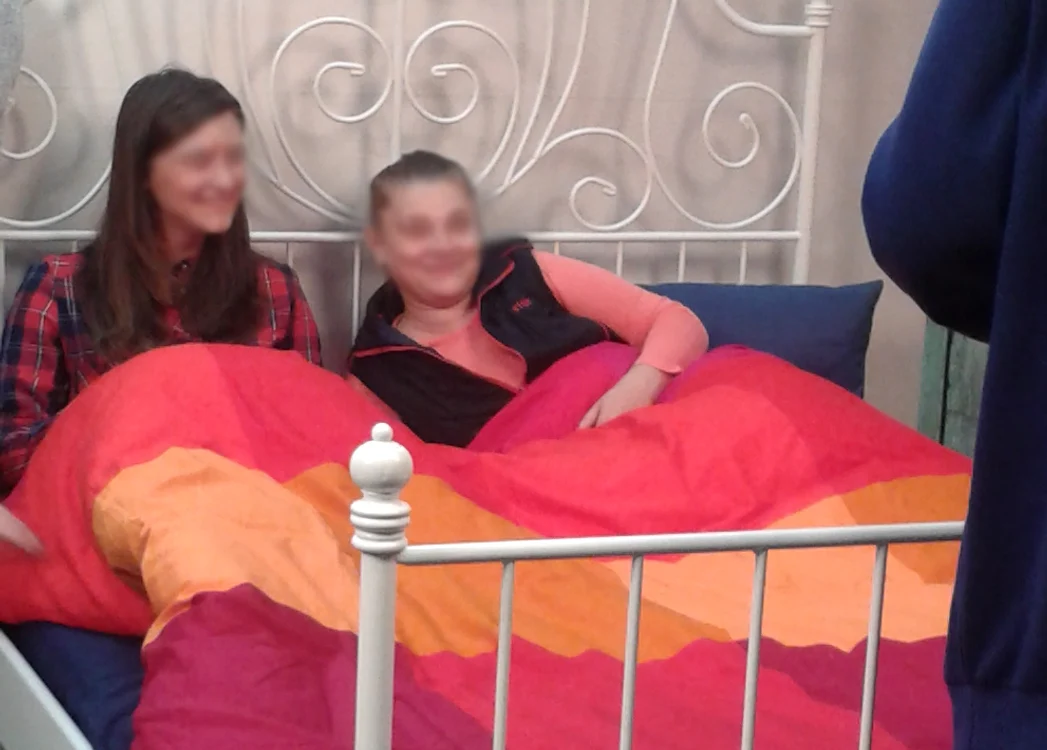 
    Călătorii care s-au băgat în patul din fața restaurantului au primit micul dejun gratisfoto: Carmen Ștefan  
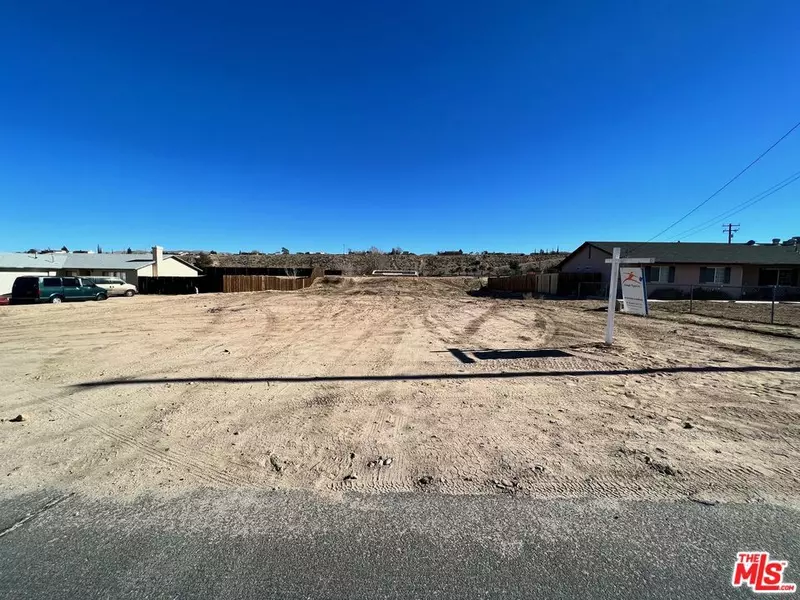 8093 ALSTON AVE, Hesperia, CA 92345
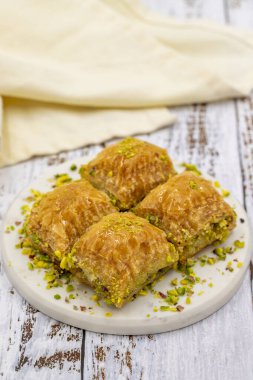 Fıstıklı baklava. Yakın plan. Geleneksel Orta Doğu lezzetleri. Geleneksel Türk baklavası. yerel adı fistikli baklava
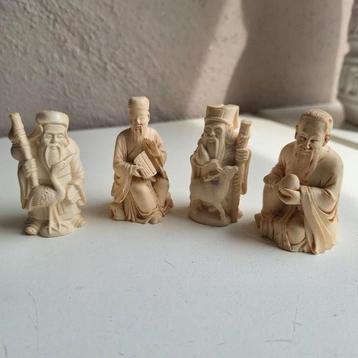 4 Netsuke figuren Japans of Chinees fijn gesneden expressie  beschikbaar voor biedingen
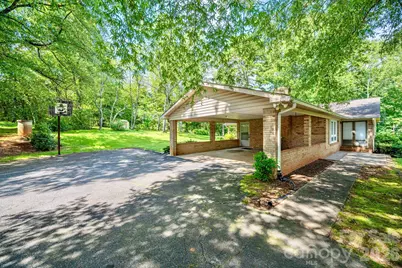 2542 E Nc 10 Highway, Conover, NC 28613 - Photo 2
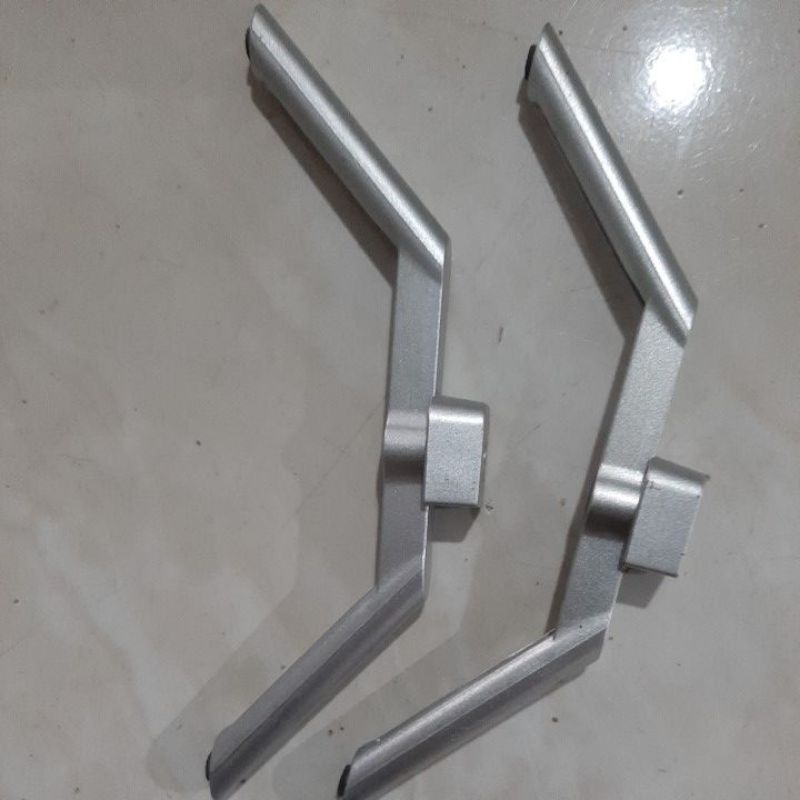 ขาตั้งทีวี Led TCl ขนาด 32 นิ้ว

----

AIM OF THE TASK: The answer must restate each entry word for word and contain no images.

EXERCISE RESULT:
    Călătorii care s-au băgat în patul din fața restaurantului au primit micul dejun gratisfoto: Carmen Ștefan  
 8093 ALSTON AVE, Hesperia, CA 92345
 Fıstıklı baklava. Yakın plan. Geleneksel Orta Doğu lezzetleri. Geleneksel Türk baklavası. yerel adı fistikli baklava
 4 Netsuke figuren Japans of Chinees fijn gesneden expressie  beschikbaar voor biedingen
 2542 E Nc 10 Highway, Conover, NC 28613 - Photo 2
 ขาตั้งทีวี Led TCl ขนาด 32 นิ้ว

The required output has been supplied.